Symbolic Affirmation: Big Deal. One of the bigger stories of Lesbian and Gay Pride Month has been the issuance, or non-issuance, of government proclamations marking June's pride celebrations as "official" (i.e., government recognized). This controversy plays out in localities, states, and at the federal level as officials who court the gay voting bloc sign Pride proclamations, while those who fear alienating social conservatives forgo the exercise. However, when proclamations are issued by cities and states -- or even when Bill Clinton became the first U.S. president to formally recognize Pride Month -- the move gets barely any media play. The world at large just doesn't consider this a big deal. However, among lesbigay activists and organizers, it's a very big deal indeed, and much effort is directed into securing proclamations -- and denouncing those officials who choose not to make them.
Which brings us to President Bush, who again declined to issue an official Gay Pride Month proclamation. Said White House Spokeswoman Anne Womack, "The president believes every person should be treated with dignity and respect, but he does not believe in politicizing people's sexual orientation."
"Bush
won't recognize Gay Pride month," declared a story on the
planetout.com website:
"[Bush"s] refusal to issue a proclamation is a big deal to us," said Rob Sadler, a board member of Federal GLOBE, a group for GLBT federal employees. "Issuing a proclamation is totally a symbolic act, it doesn't give us any additional tangible rights, but it helps people who work for the federal government feel valued as an employee and it makes us feel like we're doing a good job," said Sadler.
See, I told you it was a "big deal." After all, how can you "feel valued" without an official government proclamation attesting to your inherent worth?
A different view, as you might expect, was voiced by the
pro-Bush Log Cabin Republicans.
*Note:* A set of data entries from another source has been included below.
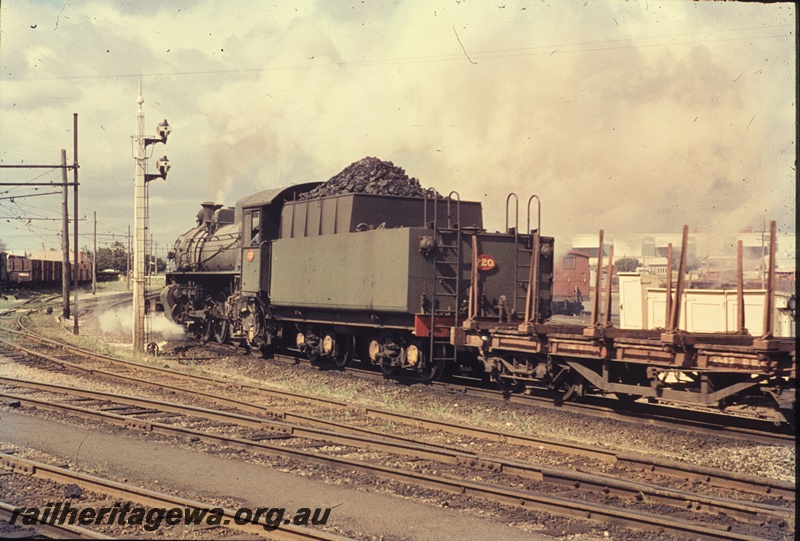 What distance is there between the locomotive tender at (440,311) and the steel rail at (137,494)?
5.34 meters

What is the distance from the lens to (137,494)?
6824mm

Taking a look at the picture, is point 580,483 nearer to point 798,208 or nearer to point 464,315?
point 798,208

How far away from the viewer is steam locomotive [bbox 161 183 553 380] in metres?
13.1

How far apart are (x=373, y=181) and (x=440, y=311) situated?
340cm

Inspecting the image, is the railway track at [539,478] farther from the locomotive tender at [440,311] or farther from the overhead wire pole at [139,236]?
the overhead wire pole at [139,236]

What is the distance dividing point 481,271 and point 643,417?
3.85m

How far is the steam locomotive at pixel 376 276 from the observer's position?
1313cm

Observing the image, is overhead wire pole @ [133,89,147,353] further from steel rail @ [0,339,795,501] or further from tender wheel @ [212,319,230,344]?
steel rail @ [0,339,795,501]

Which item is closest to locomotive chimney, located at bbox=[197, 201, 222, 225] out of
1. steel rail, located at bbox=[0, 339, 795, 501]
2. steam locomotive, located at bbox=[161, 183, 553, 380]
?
steam locomotive, located at bbox=[161, 183, 553, 380]

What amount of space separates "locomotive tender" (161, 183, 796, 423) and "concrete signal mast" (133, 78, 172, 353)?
82.7 inches

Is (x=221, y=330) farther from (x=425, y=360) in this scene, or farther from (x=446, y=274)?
(x=446, y=274)

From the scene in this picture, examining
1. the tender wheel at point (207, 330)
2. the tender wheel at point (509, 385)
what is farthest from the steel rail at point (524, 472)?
the tender wheel at point (207, 330)

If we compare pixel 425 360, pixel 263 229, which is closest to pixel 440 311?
pixel 425 360

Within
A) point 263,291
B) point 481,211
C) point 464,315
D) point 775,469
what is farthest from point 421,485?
point 263,291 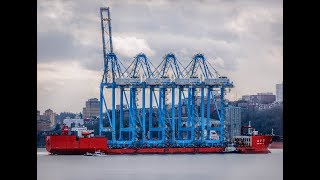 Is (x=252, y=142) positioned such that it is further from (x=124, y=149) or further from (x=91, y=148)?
(x=91, y=148)

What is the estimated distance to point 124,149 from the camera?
36.8 meters

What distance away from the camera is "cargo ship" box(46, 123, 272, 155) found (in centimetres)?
3494

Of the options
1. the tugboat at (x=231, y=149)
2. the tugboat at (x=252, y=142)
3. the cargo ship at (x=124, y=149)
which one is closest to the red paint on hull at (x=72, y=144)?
the cargo ship at (x=124, y=149)

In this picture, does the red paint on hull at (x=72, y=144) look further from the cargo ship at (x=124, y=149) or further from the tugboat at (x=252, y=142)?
the tugboat at (x=252, y=142)

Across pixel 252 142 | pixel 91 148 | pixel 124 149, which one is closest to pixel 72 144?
pixel 91 148

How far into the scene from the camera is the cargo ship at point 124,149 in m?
34.9

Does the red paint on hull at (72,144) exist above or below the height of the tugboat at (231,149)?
above

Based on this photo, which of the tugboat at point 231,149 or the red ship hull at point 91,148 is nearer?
the red ship hull at point 91,148

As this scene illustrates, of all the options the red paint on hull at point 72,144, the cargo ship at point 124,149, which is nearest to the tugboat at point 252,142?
the cargo ship at point 124,149

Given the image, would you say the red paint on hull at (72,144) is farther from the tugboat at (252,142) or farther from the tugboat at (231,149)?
the tugboat at (252,142) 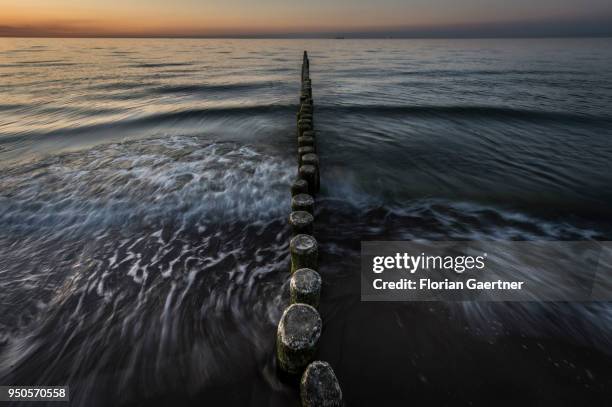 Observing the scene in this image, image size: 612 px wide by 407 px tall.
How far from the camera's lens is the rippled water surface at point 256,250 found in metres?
3.18

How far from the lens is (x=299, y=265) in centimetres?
354

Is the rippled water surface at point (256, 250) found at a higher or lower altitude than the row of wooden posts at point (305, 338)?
lower

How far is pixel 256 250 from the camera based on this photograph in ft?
16.7

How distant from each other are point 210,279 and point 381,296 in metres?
2.50

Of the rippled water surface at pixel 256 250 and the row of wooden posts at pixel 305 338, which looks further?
the rippled water surface at pixel 256 250

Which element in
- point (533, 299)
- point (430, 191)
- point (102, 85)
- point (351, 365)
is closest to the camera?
point (351, 365)

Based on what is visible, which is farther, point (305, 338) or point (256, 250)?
point (256, 250)

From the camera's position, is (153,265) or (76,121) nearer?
(153,265)

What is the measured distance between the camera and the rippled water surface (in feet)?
10.4

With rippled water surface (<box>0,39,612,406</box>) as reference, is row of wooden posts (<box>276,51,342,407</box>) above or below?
above

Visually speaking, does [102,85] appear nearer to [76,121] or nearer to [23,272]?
[76,121]

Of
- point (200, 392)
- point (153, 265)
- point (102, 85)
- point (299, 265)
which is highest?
point (102, 85)

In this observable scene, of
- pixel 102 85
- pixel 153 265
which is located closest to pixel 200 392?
pixel 153 265

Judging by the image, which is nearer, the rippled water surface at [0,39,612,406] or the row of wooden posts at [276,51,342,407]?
the row of wooden posts at [276,51,342,407] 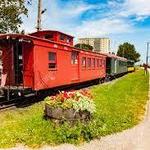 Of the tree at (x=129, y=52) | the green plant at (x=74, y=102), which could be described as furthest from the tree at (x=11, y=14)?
the tree at (x=129, y=52)

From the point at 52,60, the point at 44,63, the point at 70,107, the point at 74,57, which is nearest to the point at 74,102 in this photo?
the point at 70,107

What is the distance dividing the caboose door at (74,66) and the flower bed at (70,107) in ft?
37.0

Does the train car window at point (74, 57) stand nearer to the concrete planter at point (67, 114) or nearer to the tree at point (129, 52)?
the concrete planter at point (67, 114)

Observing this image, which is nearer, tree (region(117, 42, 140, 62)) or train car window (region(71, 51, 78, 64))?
train car window (region(71, 51, 78, 64))

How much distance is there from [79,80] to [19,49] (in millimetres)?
7521

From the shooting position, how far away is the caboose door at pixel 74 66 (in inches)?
840

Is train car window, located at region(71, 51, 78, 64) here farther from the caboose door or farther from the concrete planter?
the concrete planter

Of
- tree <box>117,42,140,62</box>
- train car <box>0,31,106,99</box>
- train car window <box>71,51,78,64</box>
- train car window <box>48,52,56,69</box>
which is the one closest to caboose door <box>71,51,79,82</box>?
train car window <box>71,51,78,64</box>

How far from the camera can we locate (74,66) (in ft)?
71.5

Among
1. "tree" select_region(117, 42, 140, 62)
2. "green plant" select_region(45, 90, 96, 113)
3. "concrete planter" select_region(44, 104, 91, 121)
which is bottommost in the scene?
"concrete planter" select_region(44, 104, 91, 121)

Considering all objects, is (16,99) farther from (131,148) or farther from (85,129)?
(131,148)

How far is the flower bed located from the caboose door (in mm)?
11270

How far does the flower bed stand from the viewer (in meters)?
9.46

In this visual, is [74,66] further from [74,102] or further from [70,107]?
[70,107] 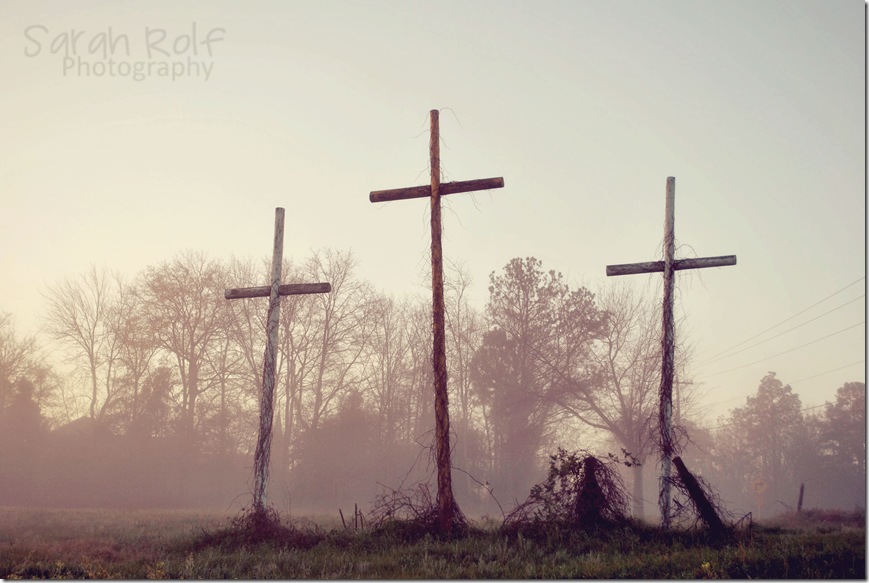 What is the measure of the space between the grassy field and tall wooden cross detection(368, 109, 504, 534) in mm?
969

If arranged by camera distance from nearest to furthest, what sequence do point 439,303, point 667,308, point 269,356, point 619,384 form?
point 439,303 → point 667,308 → point 269,356 → point 619,384

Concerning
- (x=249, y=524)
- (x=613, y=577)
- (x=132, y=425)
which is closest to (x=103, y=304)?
(x=132, y=425)

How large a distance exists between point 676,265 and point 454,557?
8.57 m

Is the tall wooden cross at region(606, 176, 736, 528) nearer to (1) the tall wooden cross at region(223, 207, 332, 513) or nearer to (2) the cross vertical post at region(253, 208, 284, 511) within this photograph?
(1) the tall wooden cross at region(223, 207, 332, 513)

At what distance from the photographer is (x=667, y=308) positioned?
13.9 m

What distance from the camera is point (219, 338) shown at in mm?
41375

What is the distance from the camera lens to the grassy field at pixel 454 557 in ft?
27.0

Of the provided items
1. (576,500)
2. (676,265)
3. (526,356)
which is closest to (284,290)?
(576,500)

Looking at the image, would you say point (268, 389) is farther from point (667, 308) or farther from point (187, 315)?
point (187, 315)

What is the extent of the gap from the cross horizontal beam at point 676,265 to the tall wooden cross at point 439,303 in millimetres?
3890

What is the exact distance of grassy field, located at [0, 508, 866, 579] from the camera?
8.24m

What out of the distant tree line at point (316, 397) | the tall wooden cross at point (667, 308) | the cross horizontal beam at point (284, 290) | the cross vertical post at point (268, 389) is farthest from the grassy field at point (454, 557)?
the distant tree line at point (316, 397)

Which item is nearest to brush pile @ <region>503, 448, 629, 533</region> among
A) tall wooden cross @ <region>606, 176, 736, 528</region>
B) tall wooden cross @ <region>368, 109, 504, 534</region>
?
tall wooden cross @ <region>606, 176, 736, 528</region>

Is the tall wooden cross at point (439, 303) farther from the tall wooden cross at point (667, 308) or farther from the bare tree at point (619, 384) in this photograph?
the bare tree at point (619, 384) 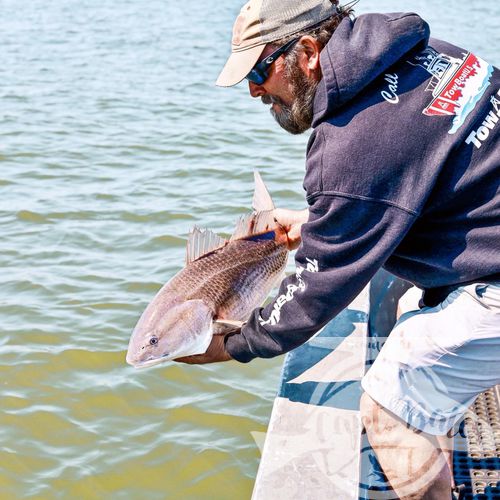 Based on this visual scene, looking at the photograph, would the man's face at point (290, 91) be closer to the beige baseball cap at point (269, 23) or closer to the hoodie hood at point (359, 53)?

LCR spokesman Kevin Ivers responded
in the same article that:
the absence of the proclamation shouldn't be such a big deal. In fact, while the attorney general, John Ashcroft, is a well-known Republican conservative, his second in command, Deputy Attorney General Larry D. Thompson, will speak at the gay pride celebration on June 19 in the Justice Department's Great Hall. "This shows that the country is changing for the better," said Ivers." We shouldn't get so hypersensitive about symbolism. Symbolic acts are important, yes, but we have more important things to work on."
But for the activist-minded, symbolism -- and its alleged power -- IS what matters. That's why many activists will admit that even if hate crimes bills and anti-discrimination laws won't actually have much impact in terms of actual litigation, they are important because of the symbolism of "inclusion."
Bush's Balancing Act. Aside from the gay pride celebration at the Justice Department, the Washington Post reports that at the Commerce Department, management is allowing gay employees to proceed with events but has withheld official sponsorship. Official pride proclamations, however, have been issued by Transportation Secretary Norman Mineta (ok, he's a liberal, anti-profiling-at-airports Democrat) and by Environmental Protection Agency head Christine Todd Whitman. And the State Department co-sponsored with the group Gays and Lesbians in Foreign Affairs Agencies (that's GLIFAA) a talk by Rep. Jim Kolbe, the openly gay Republican congressman from Arizona, on the global challenge of HIV and AIDS.
For symbolism counters, you"d think this was a fairly good haul. But the negative always trumps the positive, and a group of gay employees at the Commerce Department has now filed a complaint charging the agency with discrimination based on sexual orientation. According to another Washington Post story, "Part of the complaint"can be traced to a Commerce decision last year to end official sponsorship of gay pride activities," and the fact that this year the Patent and Trademark Office, a Commerce agency, pulled back its sponsorship of gay pride activities. "Gay pride events will go forward", the Post reports, "but will be sponsored by a gay employee group."
Well, I"m all for symbolic inclusion, but elevating the issuing of pride proclamations into a top movement goal strikes me as identity politics at its silliest. This is the deal: Politicians who are elected with a big gay bloc are more likely to issue proclamations. Bush's constituency, on the other hand, includes a much larger bloc of social conservatives. He"d like not to alienate them will symbolic kow-towing to gay activists, but he"d also like to court a larger share of GOP-leaning gay voters, too. So this administration, which has made several high-level openly gay appointments -- from the head of national AIDS policy to the ambassador to Romania -- is allowing more pride recognition events, with and without "official" sponsorship at the Cabinet level, than any previous GOP administration, but is withholding the big proclamation by the president himself.
Know what? If more gays vote for Bush in 2004, you can bet that
he"ll go even further. That's politics, folks.